De grandes avancées au Québec
Écrit par l’autrice et comédienne française Noémie de Lattre, « Féministe pour homme » a été brillamment adapté par la dramaturge Rébecca Déraspe et mis en scène par Alix Dufresne. La version québécoise aborde des enjeux locaux, comme la disparition des femmes autochtones. Mais plus encore, les trois femmes à l’origine de cette version québécoise étaient conscientes que le Québec a une longueur d’avance sur la France en ce qui concerne les droits des femmes et la lutte contre les stéréotypes de genre et le sexisme. Ici, une femme ne se fait pas siffler dans la rue! D’ailleurs, le titre du spectacle mettait mal à l’aise les trois artistes. Ne pouvant le changer, elles ont ajouté « Guide de survie pour tous(tes) » en sous-titre, car il se veut avant tout inclusif. N’empêche que malgré les avancées, les agressions sexuelles et les féminicides sont encore bien présents. Quand la comédienne demande à son auditoire de dire, par applaudissement, qui a déjà eu peur de se faire violer, on se prend une solide claque dans la face!
Les avancées et les reculs
Le monologue irrévérencieux, provocateur et bienveillant pose un regard féministe et moderne sur une foule de sujets sensibles comme les relations de couple, la sexualité, la façon dont on éduque les enfants selon le genre, la carrière, l’avortement, la violence obstétricale, le vieillissement, la maternité, le patriarcat ou la marchandisation des femmes. Captivante du début à la fin, Sophie Cadieux nous fait réaliser à quel point les luttes sont encore nombreuses et diversifiées.

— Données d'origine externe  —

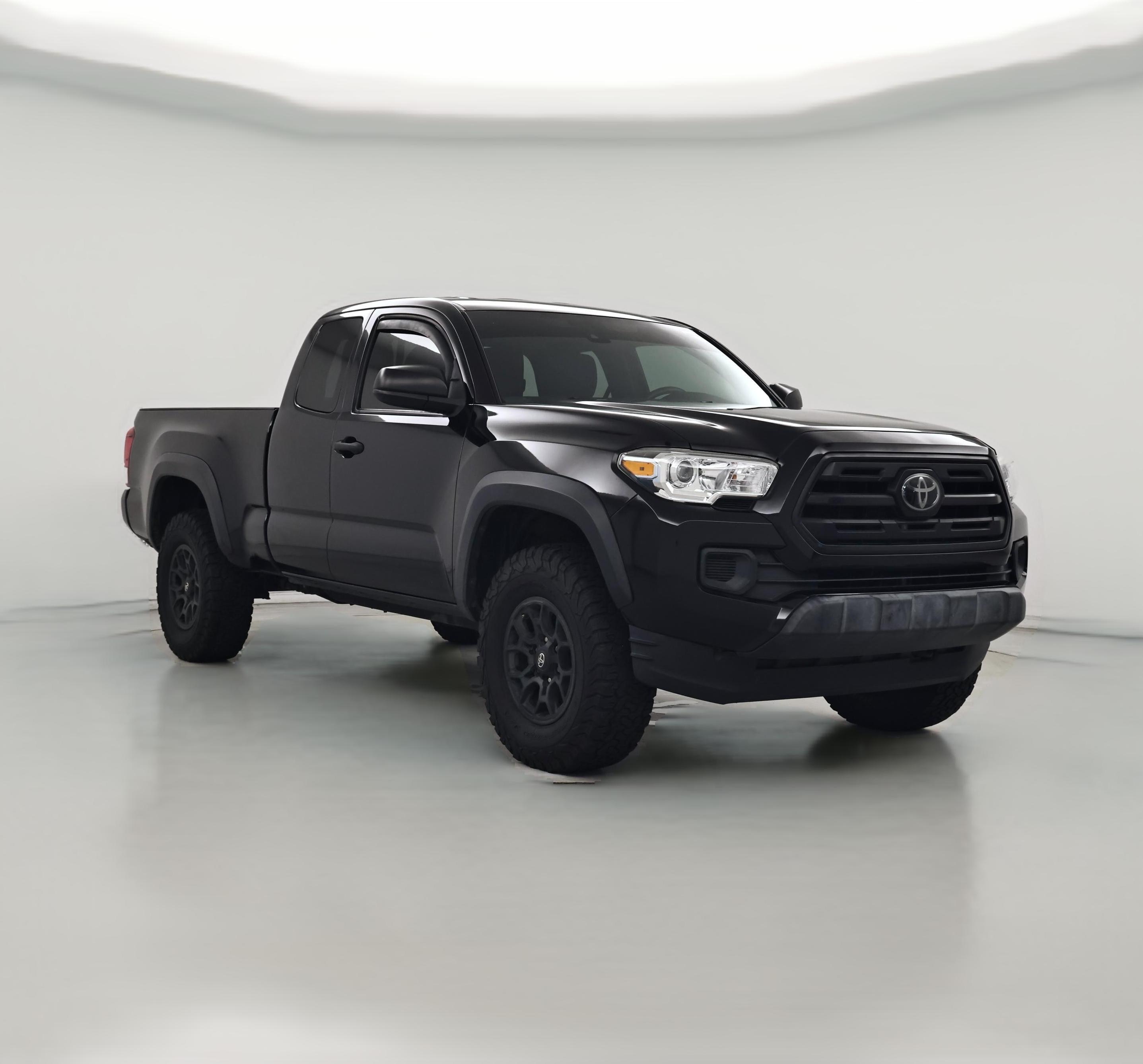 Thumbnail: 2019 Toyota Tacoma - 1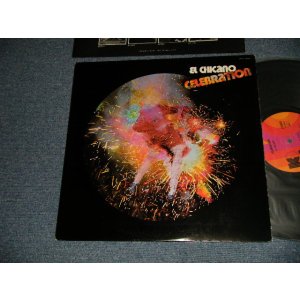 画像: EL CHICANO - CELEBRATION (Ex+++/Ex+++)/ 1972 US AMERICA  ORIGINAL Used  LP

La méconnaissance du sexe féminin
Une section du spectacle consacrée à l’anatomie du sexe féminin s’avère particulièrement instructive et nous fait prendre conscience que le plaisir féminin a, pendant longtemps, été totalement ignoré… puisqu’il n’était pas nécessaire à la reproduction! Merci au gynécologue Ernest Grägenberg, qui a donné son nom au point G, d’avoir été le premier à parler de cette zone de sensibilité chez la femme. Des années 1930 aux années 1960, le mot « clitoris » n’était plus dans les dictionnaires. Ces mêmes dictionnaires qui, sur décision de l’Académie française, ont longtemps normalisé le masculin de nombreux mots alors qu’au XVIIe siècle, on disait autrice, poétesse, capitainesse et jugesse.
Le spectacle « Féministe pour homme » permet à plusieurs d’apprendre que le clitoris mesure environ 12 cm et qu’il possède plus de 10 000 terminaisons nerveuses, soit bien plus que le sexe masculin. Il faut dire que cette dernière découverte a été faite… l’an dernier! La précédente étude sur le sujet datait du siècle dernier et avait été menée sur des clitoris de mouton et de vache! Même les médecins connaissent mal cet organe féminin puisque l’étude d’une chercheuse française, en 2021, a révélé que 84% des 1168 personnes interrogées n’ont jamais eu de formation sur le sujet! Bref, on a encore du chemin à faire pour que la femme ne soit pas « le deuxième sexe », pour reprendre le titre du célèbre ouvrage de Simone de Beauvoir.
D’autres luttes
En cette période sombre pour les droits des femmes où le nombre de pays qui interdisent l’avortement est en constante augmentation, le féminisme est un devoir, plus que jamais. Amenez vos ados voir ce spectacle pour qu’ils réalisent qu’encore aujourd’hui, le mot « vainqueur » ne se décline pas au féminin et que plusieurs stéréotypes ont besoin d’être déconstruits. Le féminisme est un humanisme. Il consiste à lutter tous ensemble contre la stigmatisation d’une personne face à une autre, tout simplement.